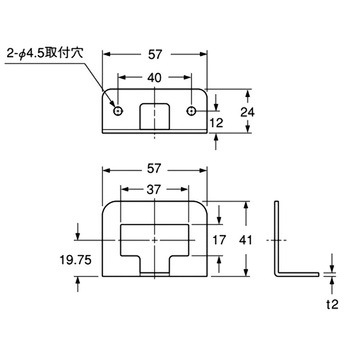 DP5/DP4 コントローラ取付金具 パナソニック インダストリー(パナソニック デバイスSUNX)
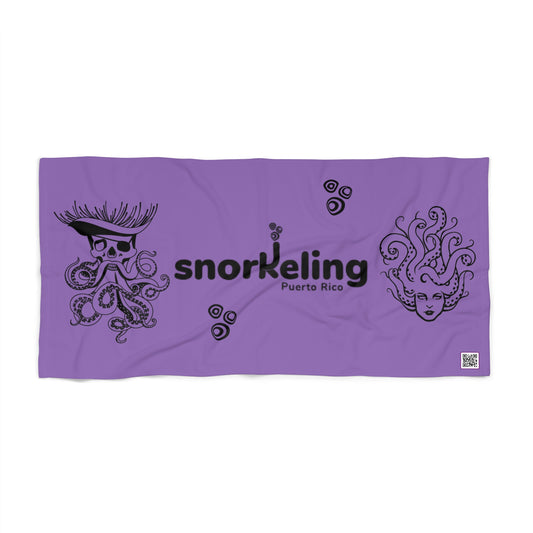 Fun Snorkeling Beach Towel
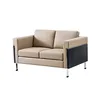 black and white leather sofa SF105 1+2+3 modern leather sofa set office furniture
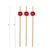 Red Ball Bamboo Skewers - 6 Inch - Pick On Us, LLC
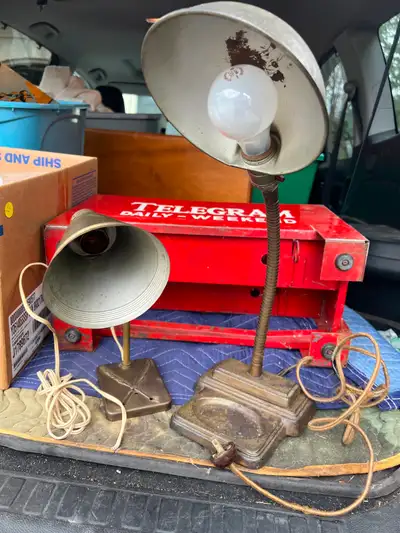 2 more VINTAGE DESK LAMPS - UNIQUE STYLES, View more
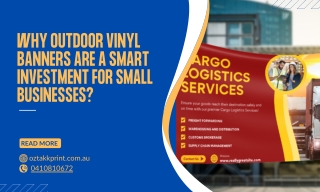 Why Custom Outdoor Vinyl Banners Are a Smart Investment for Small Businesses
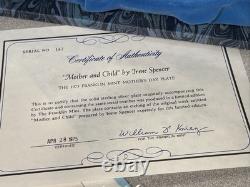 Vintage Franklin Mint Sterling Silver Mother's Day Plate 1975 Irene Spencer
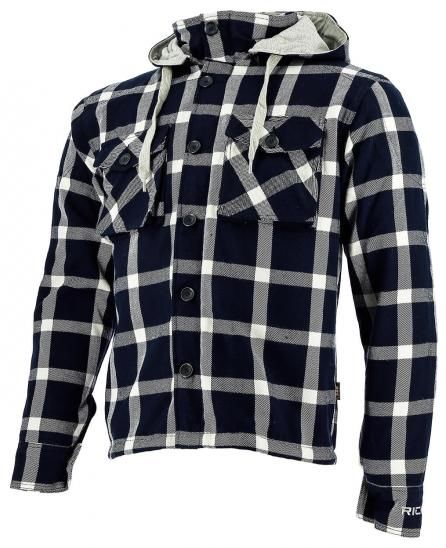 Obrázek produktu Mikina na moto RICHA LUMBER HOODIE modrá MCF_9853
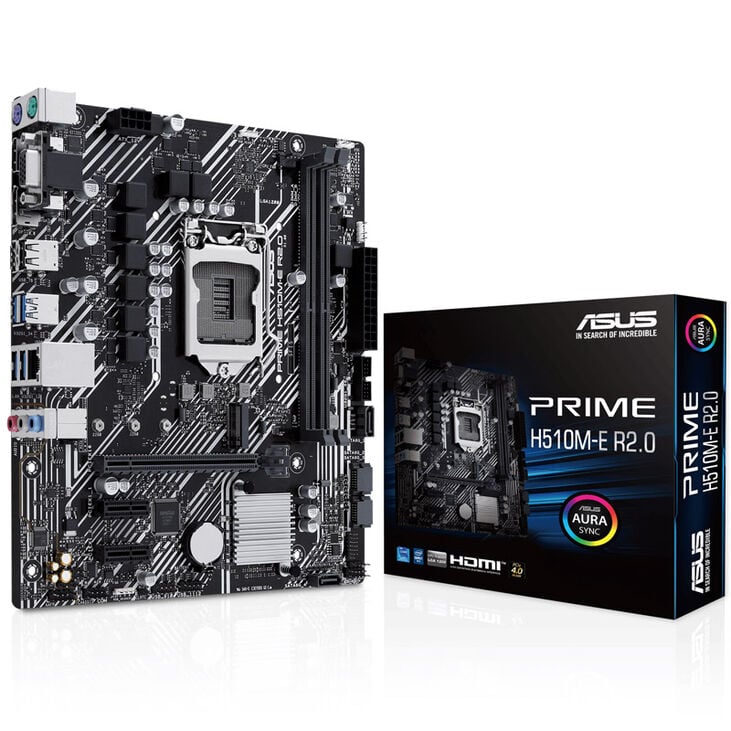 ASUS Prime H510M-E R2.0, Intel H510 motherboard, LGA1200 socket, DDR4 image number 0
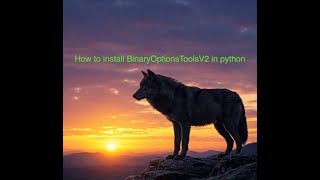 Download the video "How to install BinaryOptionsToolsV2 to use Pocket Option API"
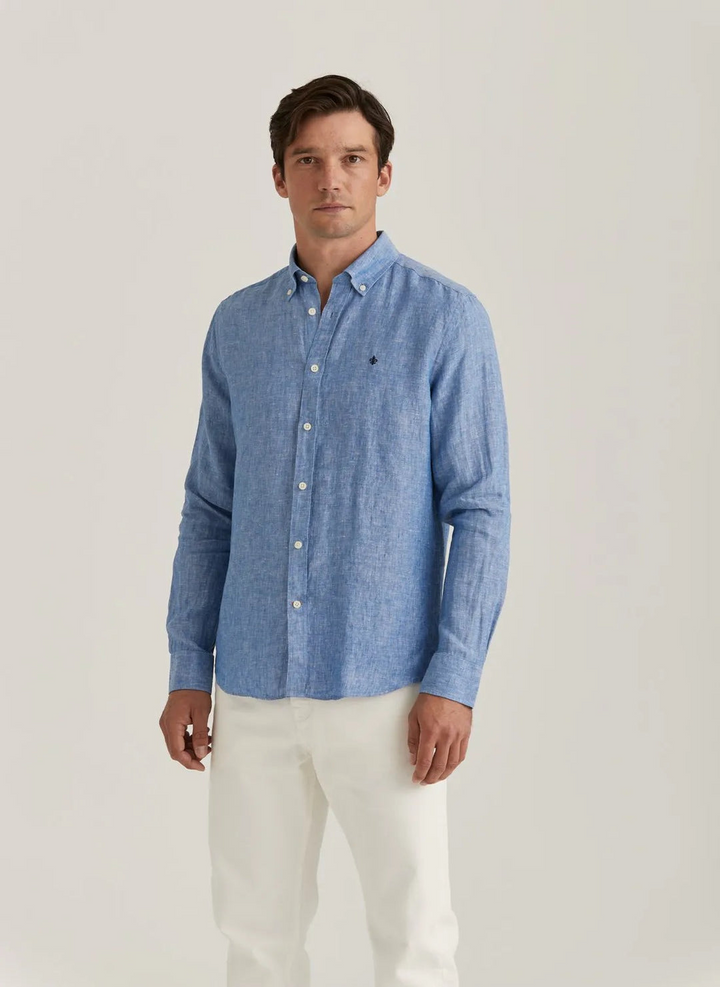 Douglas Linen Shirt-Classic Fit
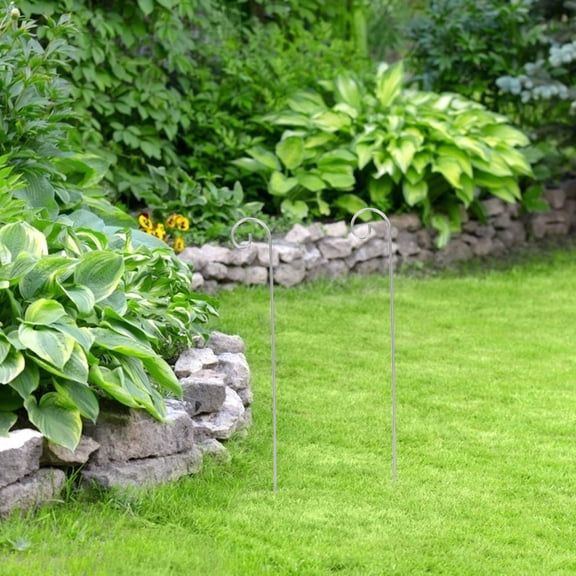 Beaupretty Garden Shepherd Hooks Heavy Duty Iron for Outdoor Decor 10Pcs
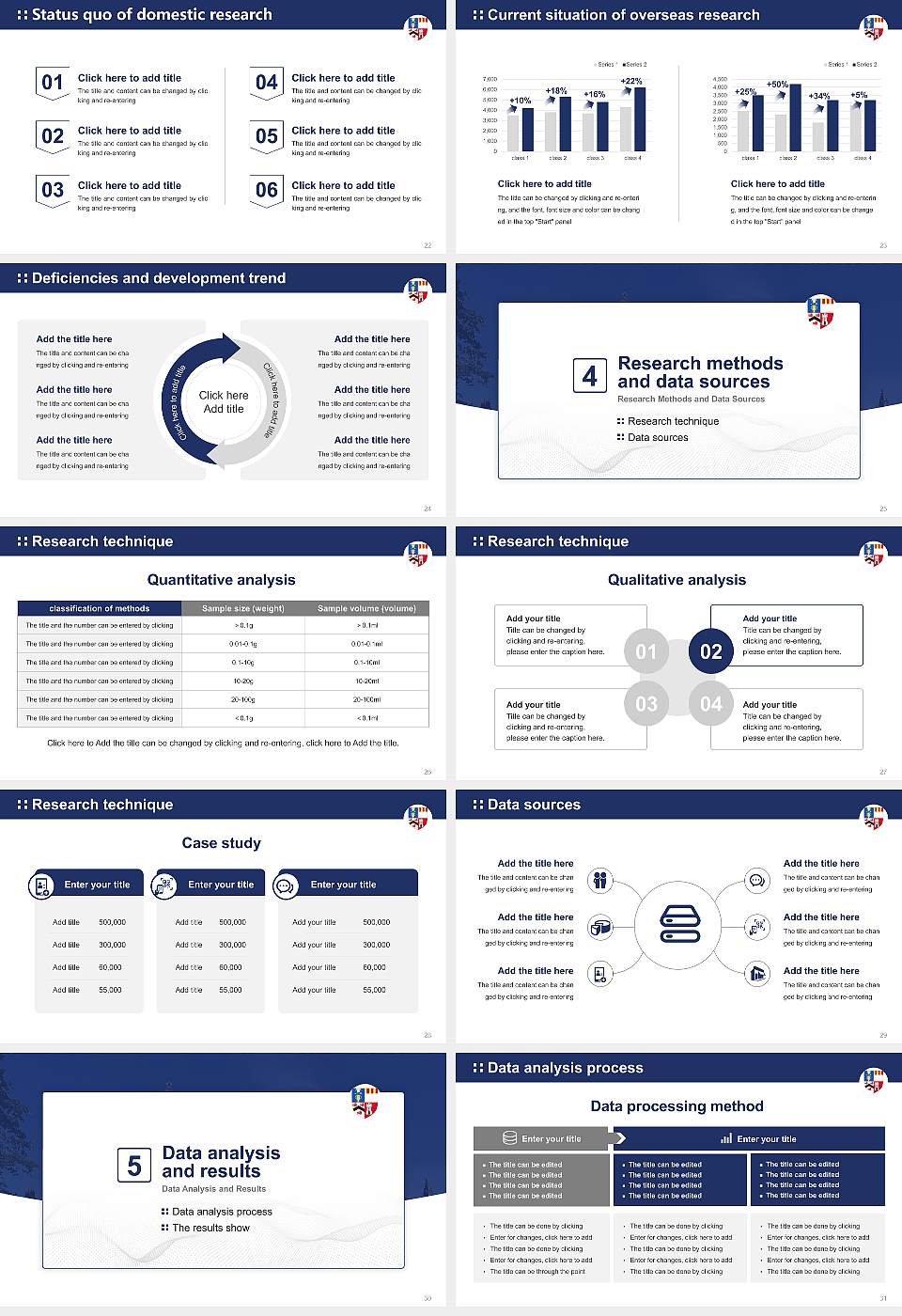 University of Aberdeen Graduation Thesis Defense PPT Template16:9 ratio PPT effect preview image4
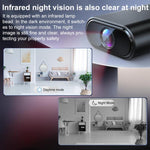 Mini telecamera WiFi intelligente X7 HD con visione notturna a infrarossi, rilevamento del movimento e monitoraggio, X7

Exercise description = Give the lines again word for word, from the start of the records to the line holding "Douglas Linen Shirt-Classic Fit", both included, and leave out any picture.

Task response =
 DP5/DP4 コントローラ取付金具 パナソニック インダストリー(パナソニック デバイスSUNX)
 Fun Snorkeling Beach Towel
 black and white leather sofa SF105 1+2+3 modern leather sofa set office furniture
 Red Ball Bamboo Skewers - 6 Inch - Pick On Us, LLC
 2 more VINTAGE DESK LAMPS - UNIQUE STYLES, View more
 Why Custom Outdoor Vinyl Banners Are a Smart Investment for Small Businesses
 Vintage Franklin Mint Sterling Silver Mother's Day Plate 1975 Irene Spencer
 Obrázek produktu Mikina na moto RICHA LUMBER HOODIE modrá MCF_9853
 ASUS Prime H510M-E R2.0, Intel H510 motherboard, LGA1200 socket, DDR4 image number 0
 Download the video "How to install BinaryOptionsToolsV2 to use Pocket Option API"
 Douglas Linen Shirt-Classic Fit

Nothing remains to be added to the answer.